I eventually ran this on the whole PR and adding constraints that it is not a universal SIP implementation, the developer has scoped it to only supporting FreeSWITCH and that the SIP servers and pipecat run on the same subnet, i.e., RTP and SIP connections are within the local network. Hence there is no RTCP, no ICE/STUN, no SIP REGISTER. With that constraint in mind, the LLM instead of re-flagging the deliberate engineering choices that were already known and discussed, reviewed subsections of the RFC that would still be relevant and important.

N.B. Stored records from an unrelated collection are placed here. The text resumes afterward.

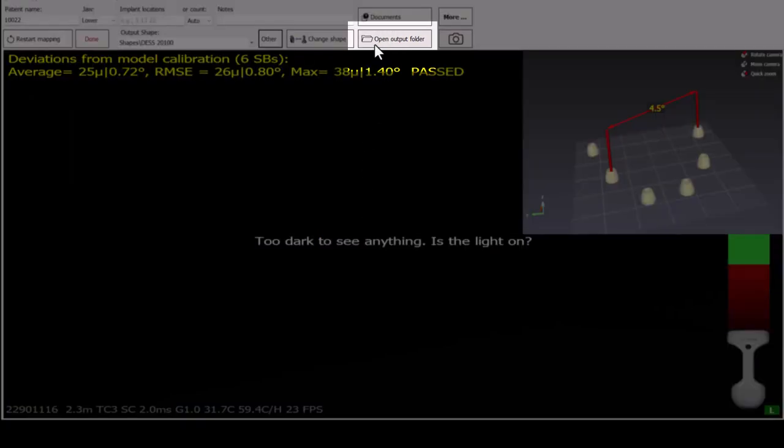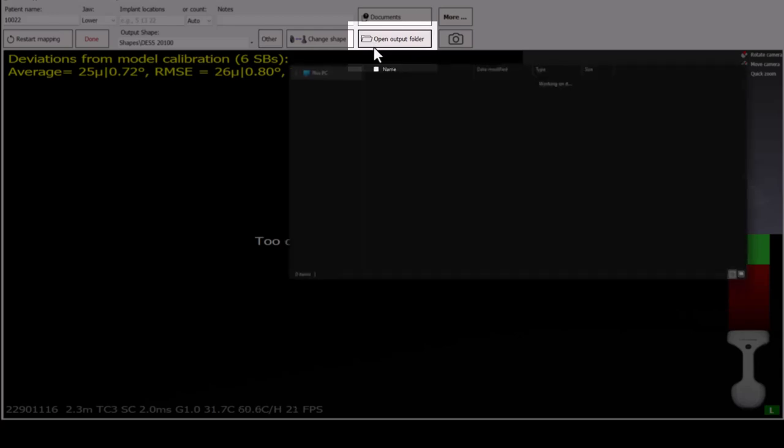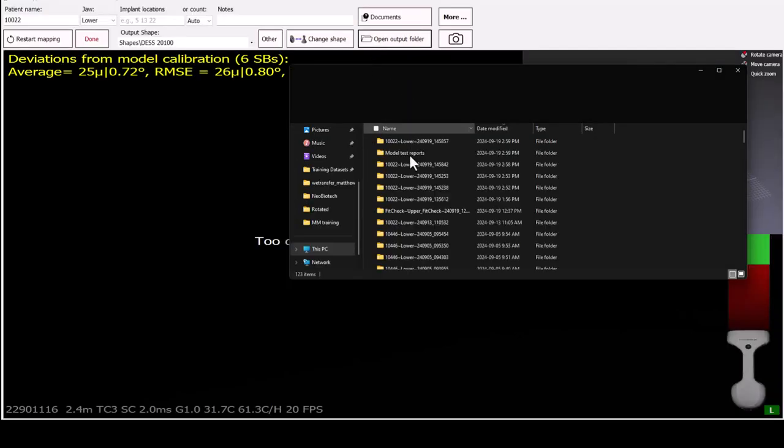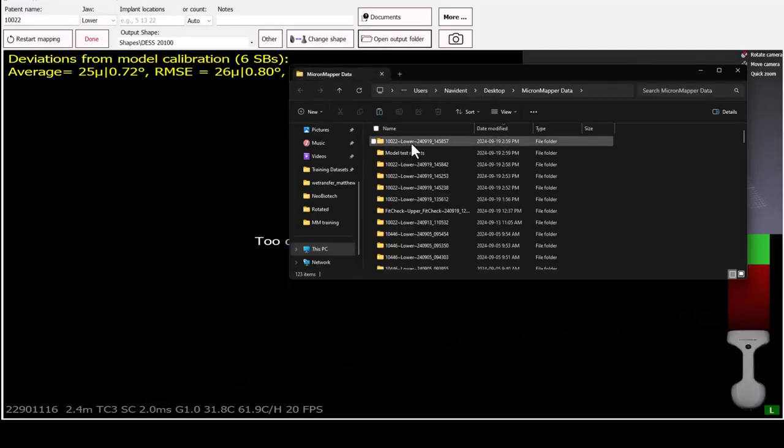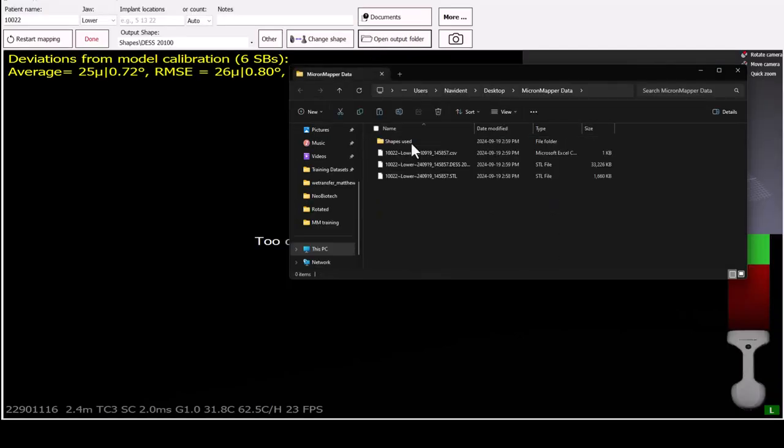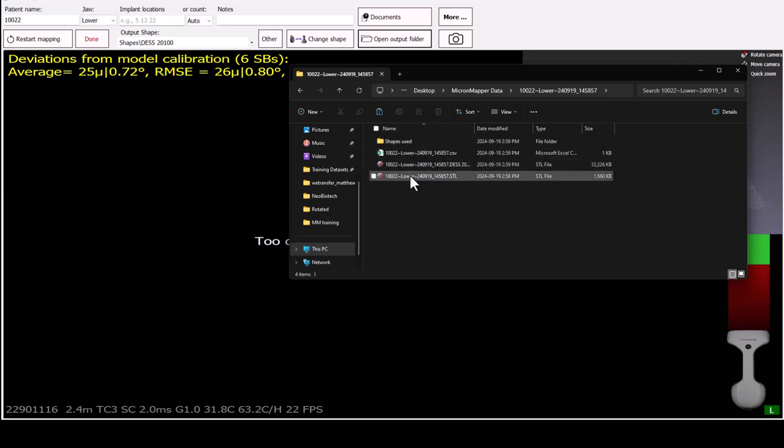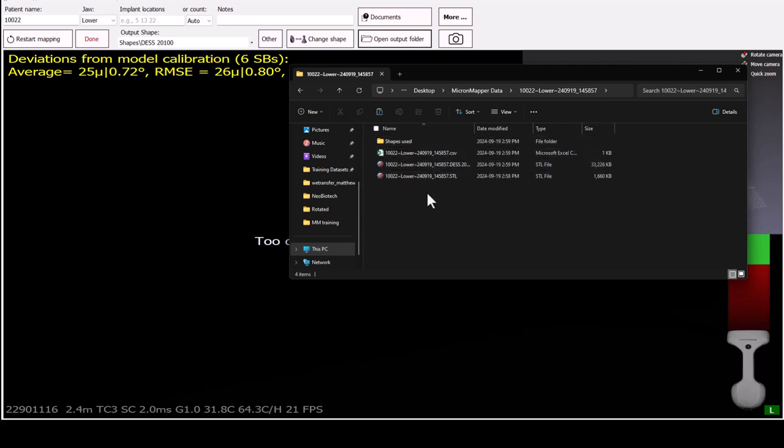You can access your scans by pressing the Open Output Folder button, which will open all of the MicronMapper data. Within one scan folder, you will find all the STL files that were saved in different shapes, as well as the CSV file that can be used to further process your data.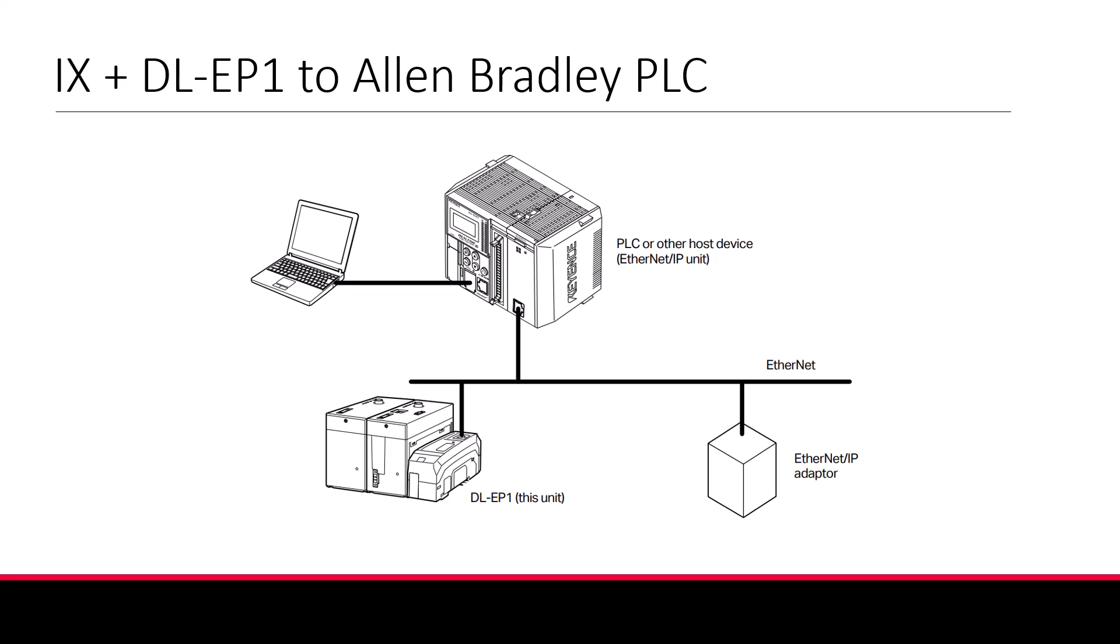Hello, welcome to the Keyence IX training module. Today we'll discuss how to connect an IX series sensor to an Allen-Bradley PLC over Ethernet IP.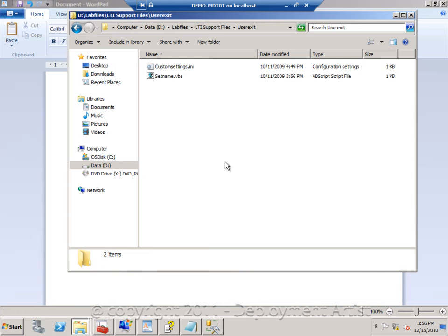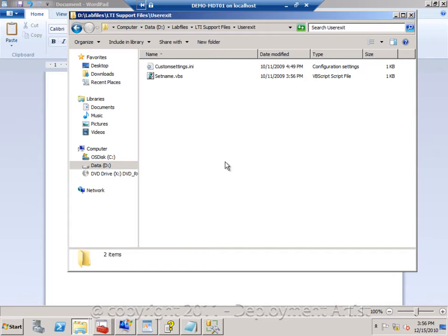In this demo I will show you how you can use user exit scripts to extend MDT with more functions. A user exit script is basically an external script that we call and then we can pass parameters to it, have it do something with them and then return the value to the rules that we are using.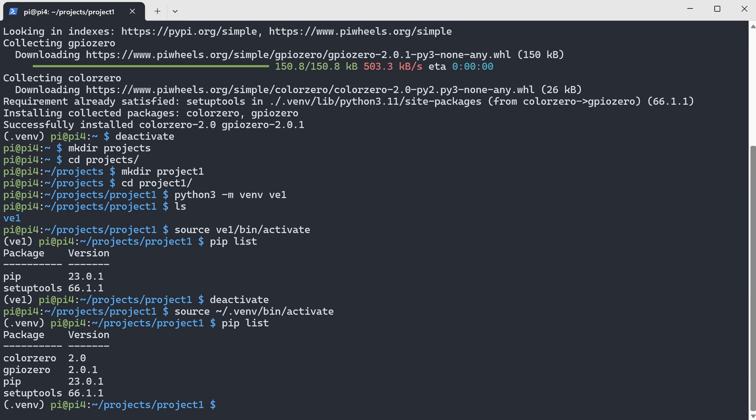Once you are inside this .venv virtual environment, you can run any Python program that depends on the packages you have already installed. If you haven't installed a required package, you can install it the same way as we did before. Once you have all the required packages, you can run any Python program as you wish.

| File | Requirement | RFC | Status | Notes |
|---|---|---|---|---|
| rtp.py | Marker bit handling | RFC 3550 §5.1 | Not implemented | Marker bit is always 0. RFC 3551 §4.1 says the marker bit SHOULD be set on the first packet after silence suppression. Acceptable for continuous audio. |
| rtp.py | CSRC handling | RFC 3550 §5.1 | N/A | CC=0, no mixers — correct for point-to-point |
| rtp.py | RTCP | RFC 3550 §6 | Not implemented | Explicitly documented as out-of-scope (LAN-only). This is a known deviation. RFC 3550 says RTCP "SHOULD" be used. For LAN-only deployments with FreeSWITCH this is pragmatically fine. |
| rtp.py | Dynamic PT negotiation via SDP | RFC 4733 §5 | Hardcoded | PT=101 is hardcoded, not negotiated from SDP a=rtpmap:101 telephone-event/8000. Works with FreeSWITCH defaults but technically should be negotiated. |
| sdp.py | SDP answer matches offer codecs | RFC 3264 §6.1 | Simplified | Answer always offers PCMU regardless of what's in the offer. If the offerer doesn't support PCMU, the call will fail. Acceptable for FreeSWITCH (always supports PCMU). |
| signaling.py | Branch parameter in Via (UAS BYE) | RFC 3261 §8.1.1.7 | Simplified | Uses z9hG4bK{call_id[:8]} — the magic cookie is correct but the uniqueness comes from truncated call-id. Should be fine in practice but not cryptographically unique per spec. |
| signaling.py | Header parsing (case sensitivity) | RFC 3261 §7.3.1 | Case-sensitive | The parser does exact-case matching for header names. RFC 3261 says header names are case-insensitive. E.g., call-id: would not match Call-ID. FreeSWITCH uses standard casing, so this works in practice. |
Unless we had tests or a veteran implementer's eye, the above would have been found with rigorous integration and scenario testing. This took 5 minutes to generate and an experienced reviewer can still triage and whittle down the list to an actionable implementation plan. Next step is integrating this into the PR review workflow as a github action so it can be run on protocol-touching PRs.